Submitted Photo North Dakota Gov. Lynn Frazier signs the Woman Suffrage bill. The bill was signed Jan. 23, 1917. Photo from State Historical Society of North Dakota A5262-00001.

BISMARCK – The right to vote for women was a long battle in North Dakota and across the country.

“Woman Suffrage in North Dakota” is in an exhibit opened recently in the N.D. Heritage Center & State Museum in Bismarck.

Showing objects and images from the museum’s collections, it was assembled by Elise Dukart, a collections intern for the State Historical Society of N.D. Dukart is a graduate student at Texas Tech University.

In a video about making the exhibit, Dukart said she found the actual “Votes for Women” sash shown in the exhibit. Indicating a photo in the exhibit of a group of women, she said the sash is shown in the photo when it was worn during the Bottineau County Fair by Flora Cameron Burr who was very involved in the Women’s Suffrage Movement. She noted the sash may not be easily visible in the photo though.

“Flora Cameron Burr was one of many women in North Dakota heavily involved in the votes for women and one of the women I learned about when I was creating this exhibit,” Dukart said.

Submitted Photo The “Woman Suffrage in North Dakota” exhibit in the North Dakota Heritage Center & State Museum, Bismarck, shows various objects and images from the museum’s collections.

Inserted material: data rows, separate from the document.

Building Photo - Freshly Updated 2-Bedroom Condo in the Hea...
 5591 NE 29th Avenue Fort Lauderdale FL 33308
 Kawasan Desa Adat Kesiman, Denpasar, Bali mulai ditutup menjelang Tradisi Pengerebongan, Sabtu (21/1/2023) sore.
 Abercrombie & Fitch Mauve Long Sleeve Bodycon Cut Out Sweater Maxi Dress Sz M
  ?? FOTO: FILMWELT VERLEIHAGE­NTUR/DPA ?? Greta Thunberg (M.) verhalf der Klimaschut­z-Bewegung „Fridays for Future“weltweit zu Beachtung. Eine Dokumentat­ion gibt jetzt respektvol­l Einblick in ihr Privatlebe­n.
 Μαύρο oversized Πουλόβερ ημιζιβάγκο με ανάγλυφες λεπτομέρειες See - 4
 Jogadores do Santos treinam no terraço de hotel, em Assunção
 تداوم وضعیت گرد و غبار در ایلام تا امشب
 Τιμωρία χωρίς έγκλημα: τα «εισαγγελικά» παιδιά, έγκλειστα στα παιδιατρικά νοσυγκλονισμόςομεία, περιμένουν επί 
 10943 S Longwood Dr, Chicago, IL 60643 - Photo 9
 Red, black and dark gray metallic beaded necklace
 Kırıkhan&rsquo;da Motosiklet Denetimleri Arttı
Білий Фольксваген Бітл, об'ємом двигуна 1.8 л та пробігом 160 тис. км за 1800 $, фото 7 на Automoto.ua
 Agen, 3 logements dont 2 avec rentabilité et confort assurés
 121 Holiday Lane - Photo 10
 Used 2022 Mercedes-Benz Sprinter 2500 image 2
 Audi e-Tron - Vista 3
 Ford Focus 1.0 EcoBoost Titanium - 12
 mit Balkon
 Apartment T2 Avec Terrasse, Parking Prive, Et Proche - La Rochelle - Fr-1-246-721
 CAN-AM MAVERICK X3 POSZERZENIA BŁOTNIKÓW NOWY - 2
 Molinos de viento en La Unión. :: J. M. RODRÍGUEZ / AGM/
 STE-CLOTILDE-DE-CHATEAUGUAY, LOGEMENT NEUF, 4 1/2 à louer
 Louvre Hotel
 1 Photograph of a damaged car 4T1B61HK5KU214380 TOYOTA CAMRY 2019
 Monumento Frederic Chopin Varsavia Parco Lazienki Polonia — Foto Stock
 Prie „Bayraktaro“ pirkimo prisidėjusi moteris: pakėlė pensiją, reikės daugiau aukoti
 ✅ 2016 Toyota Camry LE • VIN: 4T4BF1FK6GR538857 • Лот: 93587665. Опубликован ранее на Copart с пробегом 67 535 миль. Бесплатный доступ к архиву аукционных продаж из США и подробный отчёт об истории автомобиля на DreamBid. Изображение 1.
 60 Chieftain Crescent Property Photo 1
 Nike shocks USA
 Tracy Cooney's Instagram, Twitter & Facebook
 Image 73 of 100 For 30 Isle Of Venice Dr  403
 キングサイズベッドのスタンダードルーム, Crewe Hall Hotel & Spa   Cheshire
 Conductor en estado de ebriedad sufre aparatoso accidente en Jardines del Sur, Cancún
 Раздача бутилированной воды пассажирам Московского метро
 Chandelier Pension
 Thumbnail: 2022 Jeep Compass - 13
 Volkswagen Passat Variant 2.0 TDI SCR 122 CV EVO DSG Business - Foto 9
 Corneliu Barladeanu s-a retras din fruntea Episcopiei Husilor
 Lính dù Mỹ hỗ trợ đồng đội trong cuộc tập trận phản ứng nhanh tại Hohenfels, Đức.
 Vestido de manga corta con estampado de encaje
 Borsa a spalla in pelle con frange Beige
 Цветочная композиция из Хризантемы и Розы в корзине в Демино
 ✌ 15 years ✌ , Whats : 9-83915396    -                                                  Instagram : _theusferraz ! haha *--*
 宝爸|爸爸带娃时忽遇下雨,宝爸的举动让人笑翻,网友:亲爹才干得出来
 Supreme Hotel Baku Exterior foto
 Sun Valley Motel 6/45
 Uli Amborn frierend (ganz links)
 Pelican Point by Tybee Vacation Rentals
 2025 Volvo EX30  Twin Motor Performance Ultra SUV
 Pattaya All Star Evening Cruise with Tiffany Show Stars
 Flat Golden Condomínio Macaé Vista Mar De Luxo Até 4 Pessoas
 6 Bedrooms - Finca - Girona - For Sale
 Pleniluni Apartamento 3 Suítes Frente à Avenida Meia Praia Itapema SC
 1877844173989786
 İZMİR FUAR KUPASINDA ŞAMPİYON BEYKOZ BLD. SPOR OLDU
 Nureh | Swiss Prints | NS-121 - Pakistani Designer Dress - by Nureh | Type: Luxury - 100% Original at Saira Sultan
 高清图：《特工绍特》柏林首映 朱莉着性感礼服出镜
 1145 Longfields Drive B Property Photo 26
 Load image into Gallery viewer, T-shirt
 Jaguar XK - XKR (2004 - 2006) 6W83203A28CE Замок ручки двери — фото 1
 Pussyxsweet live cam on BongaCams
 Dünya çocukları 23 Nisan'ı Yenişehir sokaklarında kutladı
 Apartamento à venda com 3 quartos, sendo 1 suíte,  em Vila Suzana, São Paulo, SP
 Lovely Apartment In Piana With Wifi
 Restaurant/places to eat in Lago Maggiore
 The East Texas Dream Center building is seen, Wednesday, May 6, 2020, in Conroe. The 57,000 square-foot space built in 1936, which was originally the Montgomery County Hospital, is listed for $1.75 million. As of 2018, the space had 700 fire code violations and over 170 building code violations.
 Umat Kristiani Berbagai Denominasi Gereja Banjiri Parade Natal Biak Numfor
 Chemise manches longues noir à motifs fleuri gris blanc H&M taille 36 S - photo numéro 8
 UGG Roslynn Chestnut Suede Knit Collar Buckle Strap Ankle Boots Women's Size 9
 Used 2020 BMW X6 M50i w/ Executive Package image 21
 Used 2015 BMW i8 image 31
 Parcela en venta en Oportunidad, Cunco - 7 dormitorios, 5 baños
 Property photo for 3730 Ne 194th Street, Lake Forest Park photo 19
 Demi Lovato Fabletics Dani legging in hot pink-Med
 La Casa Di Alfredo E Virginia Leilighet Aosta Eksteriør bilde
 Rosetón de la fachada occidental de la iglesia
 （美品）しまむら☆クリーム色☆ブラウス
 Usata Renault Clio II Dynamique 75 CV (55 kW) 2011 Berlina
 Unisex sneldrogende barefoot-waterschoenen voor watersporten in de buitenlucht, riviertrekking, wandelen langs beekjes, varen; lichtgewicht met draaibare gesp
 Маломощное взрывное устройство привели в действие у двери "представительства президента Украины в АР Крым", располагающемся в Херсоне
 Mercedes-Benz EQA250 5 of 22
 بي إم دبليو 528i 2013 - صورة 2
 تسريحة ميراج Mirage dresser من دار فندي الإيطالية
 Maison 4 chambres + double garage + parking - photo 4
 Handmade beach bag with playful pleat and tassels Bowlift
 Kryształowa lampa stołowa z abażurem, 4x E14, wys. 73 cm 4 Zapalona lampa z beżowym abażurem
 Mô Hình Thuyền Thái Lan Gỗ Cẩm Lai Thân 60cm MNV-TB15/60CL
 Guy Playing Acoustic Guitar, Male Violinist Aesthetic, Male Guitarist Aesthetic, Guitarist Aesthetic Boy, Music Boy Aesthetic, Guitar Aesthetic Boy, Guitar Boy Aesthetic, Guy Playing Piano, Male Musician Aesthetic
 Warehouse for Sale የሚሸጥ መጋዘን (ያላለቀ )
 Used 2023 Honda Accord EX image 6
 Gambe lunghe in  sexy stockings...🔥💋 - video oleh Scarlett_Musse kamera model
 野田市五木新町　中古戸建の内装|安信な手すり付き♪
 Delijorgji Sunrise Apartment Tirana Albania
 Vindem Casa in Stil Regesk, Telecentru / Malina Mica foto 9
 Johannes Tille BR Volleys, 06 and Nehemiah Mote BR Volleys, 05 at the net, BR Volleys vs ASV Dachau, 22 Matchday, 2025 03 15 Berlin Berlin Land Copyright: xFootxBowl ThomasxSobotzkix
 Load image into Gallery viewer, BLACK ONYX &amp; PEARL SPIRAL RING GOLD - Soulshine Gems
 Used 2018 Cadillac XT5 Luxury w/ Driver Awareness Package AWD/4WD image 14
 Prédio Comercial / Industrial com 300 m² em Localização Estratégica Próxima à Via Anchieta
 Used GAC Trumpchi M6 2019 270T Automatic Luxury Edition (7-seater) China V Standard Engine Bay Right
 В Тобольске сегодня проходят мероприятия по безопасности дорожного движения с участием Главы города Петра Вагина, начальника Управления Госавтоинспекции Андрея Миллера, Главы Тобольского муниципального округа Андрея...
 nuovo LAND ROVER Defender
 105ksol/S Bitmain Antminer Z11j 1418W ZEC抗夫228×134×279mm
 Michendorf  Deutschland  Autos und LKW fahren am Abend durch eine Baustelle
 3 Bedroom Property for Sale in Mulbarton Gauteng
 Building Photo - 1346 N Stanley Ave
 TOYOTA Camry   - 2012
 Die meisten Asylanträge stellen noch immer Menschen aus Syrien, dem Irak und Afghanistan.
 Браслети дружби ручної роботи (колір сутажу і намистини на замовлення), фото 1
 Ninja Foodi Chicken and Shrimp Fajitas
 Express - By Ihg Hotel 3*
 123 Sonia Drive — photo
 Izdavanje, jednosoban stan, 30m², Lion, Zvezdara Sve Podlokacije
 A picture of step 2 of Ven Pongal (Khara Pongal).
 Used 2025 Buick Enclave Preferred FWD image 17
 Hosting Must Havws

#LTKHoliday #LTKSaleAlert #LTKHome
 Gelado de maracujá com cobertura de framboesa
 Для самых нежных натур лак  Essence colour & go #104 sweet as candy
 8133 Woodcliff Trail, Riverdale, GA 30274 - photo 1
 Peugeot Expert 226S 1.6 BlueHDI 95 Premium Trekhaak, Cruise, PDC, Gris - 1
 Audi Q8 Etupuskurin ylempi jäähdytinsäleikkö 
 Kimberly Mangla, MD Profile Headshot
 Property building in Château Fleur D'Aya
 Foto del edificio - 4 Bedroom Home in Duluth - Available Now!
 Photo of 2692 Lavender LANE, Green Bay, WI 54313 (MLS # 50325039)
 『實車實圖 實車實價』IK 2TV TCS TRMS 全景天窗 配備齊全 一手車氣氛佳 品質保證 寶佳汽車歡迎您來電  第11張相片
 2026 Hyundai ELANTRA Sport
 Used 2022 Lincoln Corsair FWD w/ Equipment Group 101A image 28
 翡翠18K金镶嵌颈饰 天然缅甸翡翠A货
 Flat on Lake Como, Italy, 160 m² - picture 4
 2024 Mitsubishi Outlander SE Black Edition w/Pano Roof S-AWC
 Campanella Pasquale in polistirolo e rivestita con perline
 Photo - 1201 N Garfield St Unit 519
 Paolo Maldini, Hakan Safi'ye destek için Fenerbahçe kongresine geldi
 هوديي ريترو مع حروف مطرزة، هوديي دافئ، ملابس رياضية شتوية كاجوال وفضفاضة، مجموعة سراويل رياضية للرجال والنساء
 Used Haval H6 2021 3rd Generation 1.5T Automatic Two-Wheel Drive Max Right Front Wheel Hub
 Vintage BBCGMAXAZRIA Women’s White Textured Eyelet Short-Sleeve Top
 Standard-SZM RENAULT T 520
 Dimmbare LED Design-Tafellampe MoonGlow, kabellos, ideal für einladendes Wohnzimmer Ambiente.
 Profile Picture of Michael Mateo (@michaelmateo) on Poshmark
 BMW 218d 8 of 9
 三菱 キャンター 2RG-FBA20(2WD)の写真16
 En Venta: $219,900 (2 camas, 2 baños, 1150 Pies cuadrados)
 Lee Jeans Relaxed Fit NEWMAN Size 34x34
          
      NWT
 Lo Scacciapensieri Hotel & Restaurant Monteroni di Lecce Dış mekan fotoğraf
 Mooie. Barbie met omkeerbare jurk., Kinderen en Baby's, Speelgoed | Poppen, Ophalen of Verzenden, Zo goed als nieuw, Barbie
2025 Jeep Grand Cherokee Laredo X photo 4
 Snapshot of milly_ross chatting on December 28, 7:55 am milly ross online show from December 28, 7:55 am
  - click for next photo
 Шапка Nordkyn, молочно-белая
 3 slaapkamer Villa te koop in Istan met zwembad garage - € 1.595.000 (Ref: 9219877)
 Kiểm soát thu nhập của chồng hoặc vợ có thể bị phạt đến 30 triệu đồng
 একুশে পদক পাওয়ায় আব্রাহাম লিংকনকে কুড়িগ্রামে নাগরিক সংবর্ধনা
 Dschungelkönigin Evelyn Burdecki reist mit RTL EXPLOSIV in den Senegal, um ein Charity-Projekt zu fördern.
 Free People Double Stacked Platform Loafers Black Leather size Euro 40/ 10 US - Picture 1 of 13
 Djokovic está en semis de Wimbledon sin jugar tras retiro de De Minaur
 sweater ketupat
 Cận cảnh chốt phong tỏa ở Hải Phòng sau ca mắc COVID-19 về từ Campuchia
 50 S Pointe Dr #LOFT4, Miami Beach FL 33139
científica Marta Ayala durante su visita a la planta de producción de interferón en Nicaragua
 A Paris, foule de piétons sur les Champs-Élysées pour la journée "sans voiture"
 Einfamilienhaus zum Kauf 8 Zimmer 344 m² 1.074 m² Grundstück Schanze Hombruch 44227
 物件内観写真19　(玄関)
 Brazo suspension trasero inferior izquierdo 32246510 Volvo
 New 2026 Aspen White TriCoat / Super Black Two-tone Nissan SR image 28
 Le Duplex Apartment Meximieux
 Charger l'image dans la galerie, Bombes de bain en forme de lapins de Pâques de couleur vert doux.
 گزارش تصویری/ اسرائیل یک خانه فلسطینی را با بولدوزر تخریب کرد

The battle for women to have equal voting with men was a long one, beginning in territorial days, when in 1883, a suffrage bill was passed by the Legislature, allowing women to vote in school elections.

Elizabeth Preston Anderson and Linda Slaughter were two women who led the way for women in North Dakota in the suffrage movement.

Anderson was one of the most widely known women in North Dakota for many years through her association with the Women’s Christian Temperance Union, according to her obituary in 1951. She was the author of the presidential and municipal suffrage law, which passed the Legislative Assembly in 1917.

The W.C.T.U. was an organization with members who voiced their opinions about social reforms such as prohibition and woman suffrage, according the the State Historical Society of N.D.

The first victory, presidential and municipal suffrage, came in 1917, after 25 years of effort to secure full suffrage, states a booklet, “1889-1939, The Story of Fifty Years, North Dakota Woman’s Christian Temperance Union,” authored by Anderson.

Both the Senate and House passed legislation, and it was signed by Gov. Lynn J. Frazier “in the presence of a distinguished company including the state officers of the W.C.T.U. and the Votes for Women League, Mrs. Grace Clendenning, President,” according to the booklet.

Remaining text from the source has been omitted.